Three defects can show up on exhaust systems; read on to find out exactly what they are and how to find them.
Light airplane exhaust systems don’t garner as much attention as a carburetor or induction air filter, yet these systems must be maintained as attentively as any other engine accessory, if not more so. That prosaic exhaust system is the only fire control system under your cowling.
Exhaust systems rarely rate a second thought. Why? Because unless your airplane is turbocharged or turbo-normalized, the exhaust system doesn’t have any moving parts—it just sits there.
Light aircraft exhaust systems are designed to collect hot exhaust gases from each cylinder and route these gases safely out of the engine compartment. Systems in single-engine airplanes also flow the gases through rudimentary metal heat exchangers that radiate heat to outside air that’s used to provide cabin and carburetor heat.

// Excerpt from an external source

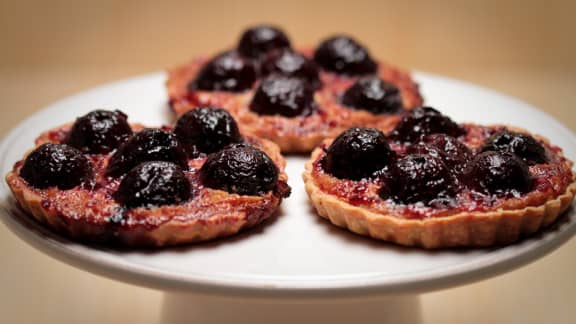 Tartelettes aux cerises et à la frangipane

It’s common to mistakenly believe that these heat exchangers are mufflers because they look like an automobile muffler. Some heat exchangers include internal baffles designed to slow the exhaust gases in order to increase the amount of heat transfer. Twin-engine Pipers don’t have these heat exchangers; they utilize Avgas fuel combustion heaters for cabin heat. (For an in-depth look at combustion heaters, refer to the November 2014 issue of Piper Flyer. —Ed.)